3.3 L'émergence de pôles de spécialisation en Europe centrale et orientale
L'analyse de la spécialisation en 2025 révèle que la compétitivité de l'UE dans ce segment repose sur un nombre limité de pays, principalement en Europe centrale et orientale :
| Pays | RSCA | RCA | Part dans la production UE | Part dans les exportations UE |
|---|---|---|---|---|
| Roumanie | 0,83 | 10,73 | 17,9 % | 1,7 % |
| Slovénie | 0,65 | 4,79 | 4,8 % | 1,0 % |
| Hongrie | 0,49 | 2,96 | 8,0 % | 2,7 % |
| Portugal | 0,44 | 2,56 | 3,5 % | 1,4 % |
| Pologne | 0,23 | 1,59 | 10,6 % | 6,6 % |
La Roumanie affiche un indice de spécialisation symétrique (RSCA) de 0,83 et un avantage comparatif révélé (RCA) de 10,7 — des niveaux exceptionnels qui reflètent la présence de sites de production majeurs sur son territoire. La Slovénie et le Portugal, plus petits, présentent également un avantage comparatif marqué. La Pologne, avec 10,6 % de la production européenne mais un RSCA plus modéré (0,23), combine une base industrielle large avec une spécialisation encore en construction. À l'inverse, l'Irlande (RSCA −1,0) et Chypre (RSCA −1,0) n'ont aucune activité significative dans ce secteur. Il convient également de noter qu'un choc de prix extrême vers la Turquie a été détecté en 2019 (anomalie de 112,5, hausse de +32,4 %), probablement lié à la crise monétaire turque de 2018-2019.
Conclusion
La période 2015–2025 marque un tournant décisif pour le secteur des cafetières électriques dans l'Union européenne. En moins d'une décennie, l'UE est passée d'un déficit commercial de 330 M€ à un excédent de 55 M€, portée par des exportations dont la valeur a été multipliée par 2,3. Cette transformation repose sur une stratégie de montée en gamme réussie : la valeur de production européenne a crû de 412 %, soit cinq fois plus vite que les volumes, et le prix unitaire des produits exportés est 3,7 fois supérieur à celui des importations.

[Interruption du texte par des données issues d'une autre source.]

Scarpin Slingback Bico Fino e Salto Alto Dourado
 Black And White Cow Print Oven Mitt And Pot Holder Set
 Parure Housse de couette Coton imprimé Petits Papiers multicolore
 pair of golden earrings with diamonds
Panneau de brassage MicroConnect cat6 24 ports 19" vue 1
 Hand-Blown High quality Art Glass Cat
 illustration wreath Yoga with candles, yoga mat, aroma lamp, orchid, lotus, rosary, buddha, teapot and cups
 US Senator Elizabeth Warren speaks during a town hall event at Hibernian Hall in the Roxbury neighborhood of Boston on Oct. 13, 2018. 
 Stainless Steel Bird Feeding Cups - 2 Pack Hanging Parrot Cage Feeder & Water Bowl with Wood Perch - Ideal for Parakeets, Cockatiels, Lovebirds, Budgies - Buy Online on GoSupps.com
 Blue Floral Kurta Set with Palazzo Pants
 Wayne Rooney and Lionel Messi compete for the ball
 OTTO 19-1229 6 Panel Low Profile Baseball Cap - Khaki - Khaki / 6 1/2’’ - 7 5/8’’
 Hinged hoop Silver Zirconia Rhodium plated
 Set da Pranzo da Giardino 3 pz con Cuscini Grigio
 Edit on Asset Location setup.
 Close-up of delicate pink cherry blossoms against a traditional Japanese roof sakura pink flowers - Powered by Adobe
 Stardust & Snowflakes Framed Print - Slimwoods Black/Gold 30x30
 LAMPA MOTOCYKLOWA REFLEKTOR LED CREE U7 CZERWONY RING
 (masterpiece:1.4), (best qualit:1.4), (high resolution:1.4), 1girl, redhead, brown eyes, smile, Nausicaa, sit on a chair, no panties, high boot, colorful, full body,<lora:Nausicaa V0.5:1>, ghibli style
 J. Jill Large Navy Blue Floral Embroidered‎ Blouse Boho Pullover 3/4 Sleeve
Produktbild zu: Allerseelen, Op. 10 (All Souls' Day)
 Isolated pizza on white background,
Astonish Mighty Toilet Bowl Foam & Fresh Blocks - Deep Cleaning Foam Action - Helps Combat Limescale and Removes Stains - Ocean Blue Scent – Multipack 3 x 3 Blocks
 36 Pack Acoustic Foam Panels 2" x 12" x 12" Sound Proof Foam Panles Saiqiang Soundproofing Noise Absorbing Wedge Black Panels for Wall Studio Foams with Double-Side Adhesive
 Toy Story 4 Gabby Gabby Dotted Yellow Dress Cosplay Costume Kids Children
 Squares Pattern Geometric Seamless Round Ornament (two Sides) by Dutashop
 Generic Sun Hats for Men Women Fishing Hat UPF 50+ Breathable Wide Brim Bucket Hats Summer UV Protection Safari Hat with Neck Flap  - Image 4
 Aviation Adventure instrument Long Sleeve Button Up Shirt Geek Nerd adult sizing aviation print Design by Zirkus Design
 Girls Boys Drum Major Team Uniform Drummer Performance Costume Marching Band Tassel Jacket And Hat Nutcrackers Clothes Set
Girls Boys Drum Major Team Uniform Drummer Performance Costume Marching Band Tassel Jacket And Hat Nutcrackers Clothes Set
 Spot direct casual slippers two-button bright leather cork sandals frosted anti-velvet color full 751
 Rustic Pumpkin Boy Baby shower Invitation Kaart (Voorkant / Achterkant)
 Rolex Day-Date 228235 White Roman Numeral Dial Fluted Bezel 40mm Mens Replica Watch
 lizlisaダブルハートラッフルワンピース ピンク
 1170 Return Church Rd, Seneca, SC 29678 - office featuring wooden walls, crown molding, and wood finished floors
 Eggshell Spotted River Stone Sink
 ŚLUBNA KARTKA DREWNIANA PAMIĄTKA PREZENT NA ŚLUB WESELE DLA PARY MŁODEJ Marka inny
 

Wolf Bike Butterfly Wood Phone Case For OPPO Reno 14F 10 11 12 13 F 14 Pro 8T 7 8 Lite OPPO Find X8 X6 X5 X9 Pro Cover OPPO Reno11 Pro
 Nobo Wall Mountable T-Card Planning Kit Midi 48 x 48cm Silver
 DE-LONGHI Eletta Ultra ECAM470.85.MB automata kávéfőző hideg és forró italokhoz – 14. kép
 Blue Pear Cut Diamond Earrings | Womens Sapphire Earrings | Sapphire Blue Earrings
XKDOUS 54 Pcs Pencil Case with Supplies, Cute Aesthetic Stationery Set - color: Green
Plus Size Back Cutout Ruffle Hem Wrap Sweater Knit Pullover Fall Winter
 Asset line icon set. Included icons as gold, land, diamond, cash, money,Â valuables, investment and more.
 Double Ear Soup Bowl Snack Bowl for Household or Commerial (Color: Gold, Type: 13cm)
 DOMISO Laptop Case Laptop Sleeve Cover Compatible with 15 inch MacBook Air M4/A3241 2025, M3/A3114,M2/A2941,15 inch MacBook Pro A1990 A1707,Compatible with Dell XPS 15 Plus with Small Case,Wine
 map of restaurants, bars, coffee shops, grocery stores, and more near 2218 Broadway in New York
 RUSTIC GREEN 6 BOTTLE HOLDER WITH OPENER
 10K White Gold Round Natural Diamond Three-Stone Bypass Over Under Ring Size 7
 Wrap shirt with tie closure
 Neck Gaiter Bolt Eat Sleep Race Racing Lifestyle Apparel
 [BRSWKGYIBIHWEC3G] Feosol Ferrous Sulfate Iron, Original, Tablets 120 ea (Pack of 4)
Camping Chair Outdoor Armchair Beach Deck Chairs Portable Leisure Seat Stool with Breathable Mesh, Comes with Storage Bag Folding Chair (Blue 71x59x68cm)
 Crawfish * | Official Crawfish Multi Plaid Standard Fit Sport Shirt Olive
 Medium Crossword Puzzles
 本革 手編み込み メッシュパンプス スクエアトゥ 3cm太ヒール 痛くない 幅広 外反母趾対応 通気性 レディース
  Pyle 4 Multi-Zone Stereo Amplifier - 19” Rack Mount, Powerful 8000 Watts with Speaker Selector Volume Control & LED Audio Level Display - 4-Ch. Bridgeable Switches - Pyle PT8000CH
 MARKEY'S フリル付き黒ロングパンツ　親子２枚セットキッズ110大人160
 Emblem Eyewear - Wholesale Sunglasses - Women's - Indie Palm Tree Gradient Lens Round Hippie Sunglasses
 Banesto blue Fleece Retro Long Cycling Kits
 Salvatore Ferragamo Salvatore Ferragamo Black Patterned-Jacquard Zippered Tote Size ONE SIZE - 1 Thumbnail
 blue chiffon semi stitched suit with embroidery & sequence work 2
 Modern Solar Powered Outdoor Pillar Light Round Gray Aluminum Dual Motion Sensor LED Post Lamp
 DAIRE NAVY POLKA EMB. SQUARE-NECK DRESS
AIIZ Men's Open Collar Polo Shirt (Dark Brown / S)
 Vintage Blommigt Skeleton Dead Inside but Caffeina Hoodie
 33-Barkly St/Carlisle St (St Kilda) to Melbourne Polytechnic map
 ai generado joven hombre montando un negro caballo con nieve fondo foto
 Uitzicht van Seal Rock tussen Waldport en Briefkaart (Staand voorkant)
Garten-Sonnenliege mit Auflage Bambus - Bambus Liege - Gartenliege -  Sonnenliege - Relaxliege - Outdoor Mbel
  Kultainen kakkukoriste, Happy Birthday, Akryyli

Sur le plan géographique, le marché demeure fortement dépendant de la Chine pour ses importations (HHI de 5 112), mais les exportations se sont considérablement diversifiées, les États-Unis devenant la première destination. Le Brexit a profondément reconfiguré les flux avec le Royaume-Uni, dont le rôle de fournisseur vers l'UE s'est effondré. Enfin, des pays comme la Roumanie, la Hongrie et la Pologne se sont imposés comme de nouveaux pôles de compétitivité, relayant l'Italie et l'Allemagne dans un paysage productif européen en pleine restructuration géographique.